Toplumbilimciler arasında çürüme yukarıdan aşağıya mı yoksa aşağıdan yukarıya mı başlar sorusu hep tartışma konusu olmuştur. Aslında ikisi birbirini besler. Yukarı dediğimiz yönetici kadro yani seçilmişler bu toplumun içinden çıkmaktadır. Peygamber Efendimiz, “Siz nasıl olursanız sizin idarecileriniz de öyle olur,” buyurmaktadır.
Toplum, bireylere birçok açıdan fayda sağlar. Bireyler, toplumda kimlik duygusu, aidiyet duygusu ve güvenlik duygusu bulurlar. Toplum, bireylere ihtiyaçlarını karşılamak için gerekli olan kaynakları ve imkânları sunar. Ayrıca, toplum bireylere eğitim, sağlık ve sosyal hizmet gibi önemli hizmetler de sağlar.

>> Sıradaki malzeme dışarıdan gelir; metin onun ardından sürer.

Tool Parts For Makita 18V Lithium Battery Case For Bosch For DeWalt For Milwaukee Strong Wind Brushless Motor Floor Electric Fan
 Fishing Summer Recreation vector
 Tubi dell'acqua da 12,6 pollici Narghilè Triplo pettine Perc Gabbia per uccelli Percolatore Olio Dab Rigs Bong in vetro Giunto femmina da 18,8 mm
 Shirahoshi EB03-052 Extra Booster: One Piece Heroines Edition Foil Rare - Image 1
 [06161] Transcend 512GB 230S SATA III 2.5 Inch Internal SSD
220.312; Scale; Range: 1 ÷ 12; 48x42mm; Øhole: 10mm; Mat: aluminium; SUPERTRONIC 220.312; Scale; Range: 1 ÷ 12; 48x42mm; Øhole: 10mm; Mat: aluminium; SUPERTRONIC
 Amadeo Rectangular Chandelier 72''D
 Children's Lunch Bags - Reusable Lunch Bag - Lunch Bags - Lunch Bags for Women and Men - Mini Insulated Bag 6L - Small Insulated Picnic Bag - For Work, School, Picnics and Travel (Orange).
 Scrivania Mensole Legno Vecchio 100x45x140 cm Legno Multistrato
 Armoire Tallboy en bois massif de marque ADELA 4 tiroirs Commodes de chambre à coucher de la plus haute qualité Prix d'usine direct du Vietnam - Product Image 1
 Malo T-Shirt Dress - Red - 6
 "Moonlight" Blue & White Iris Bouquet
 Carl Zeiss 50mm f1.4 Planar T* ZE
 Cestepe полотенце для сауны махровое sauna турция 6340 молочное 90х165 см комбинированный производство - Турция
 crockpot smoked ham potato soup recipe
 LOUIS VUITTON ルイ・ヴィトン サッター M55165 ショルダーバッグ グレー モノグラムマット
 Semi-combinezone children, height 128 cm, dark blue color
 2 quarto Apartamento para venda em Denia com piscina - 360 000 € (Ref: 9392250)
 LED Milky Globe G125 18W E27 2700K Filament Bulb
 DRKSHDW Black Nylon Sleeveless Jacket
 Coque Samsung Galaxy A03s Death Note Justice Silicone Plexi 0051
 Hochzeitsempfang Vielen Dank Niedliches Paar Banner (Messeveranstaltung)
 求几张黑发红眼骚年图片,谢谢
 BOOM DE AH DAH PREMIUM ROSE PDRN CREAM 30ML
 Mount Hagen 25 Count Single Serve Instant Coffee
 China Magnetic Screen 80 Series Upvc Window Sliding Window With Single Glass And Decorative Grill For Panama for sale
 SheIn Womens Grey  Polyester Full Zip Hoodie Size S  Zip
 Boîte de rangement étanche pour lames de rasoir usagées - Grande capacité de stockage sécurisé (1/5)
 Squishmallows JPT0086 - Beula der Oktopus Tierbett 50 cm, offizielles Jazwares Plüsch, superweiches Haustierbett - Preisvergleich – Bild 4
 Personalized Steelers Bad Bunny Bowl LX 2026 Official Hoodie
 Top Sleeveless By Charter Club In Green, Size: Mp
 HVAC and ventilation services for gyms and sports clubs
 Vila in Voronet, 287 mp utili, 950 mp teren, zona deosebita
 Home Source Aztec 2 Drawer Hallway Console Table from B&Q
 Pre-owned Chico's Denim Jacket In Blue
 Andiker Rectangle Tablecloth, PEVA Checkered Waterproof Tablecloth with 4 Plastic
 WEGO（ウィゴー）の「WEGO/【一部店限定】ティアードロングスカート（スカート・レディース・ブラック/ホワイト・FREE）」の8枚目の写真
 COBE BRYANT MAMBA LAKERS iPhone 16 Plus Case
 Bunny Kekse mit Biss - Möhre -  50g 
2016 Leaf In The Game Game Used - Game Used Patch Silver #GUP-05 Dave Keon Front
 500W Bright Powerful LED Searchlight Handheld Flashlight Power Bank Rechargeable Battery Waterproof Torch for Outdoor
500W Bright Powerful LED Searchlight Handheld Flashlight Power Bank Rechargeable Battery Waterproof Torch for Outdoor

Sosyal çürüme, toplumun temel ahlaki değerlerin zayıflaması, bireyler arası güvenin azalması ve sosyal bağların kopması süreci olarak tanımlanabilir. Bu süreç, toplumun genel refah seviyesini düşürür ve uzun vadede ekonomik, politik ve kültürel sorunlara yol açar.
Günümüz toplumlarında, maddi varlıklara ve tüketime aşırı önem verilmektedir. Bu durum, bireylerin manevi değerleri göz ardı etmesine ve sadece kendi çıkarlarını ön planda tutmasına yol açmaktadır.Geleneksel aile ve topluluk bağlarının zayıflamasıyla birlikte bencillik artmıştır. Bu durum, insanların birbirleriyle olan dayanışmasını ve yardımlaşmasını azaltmakta ve sadece kendi çıkarını düşünmeyi teşvik etmektedir.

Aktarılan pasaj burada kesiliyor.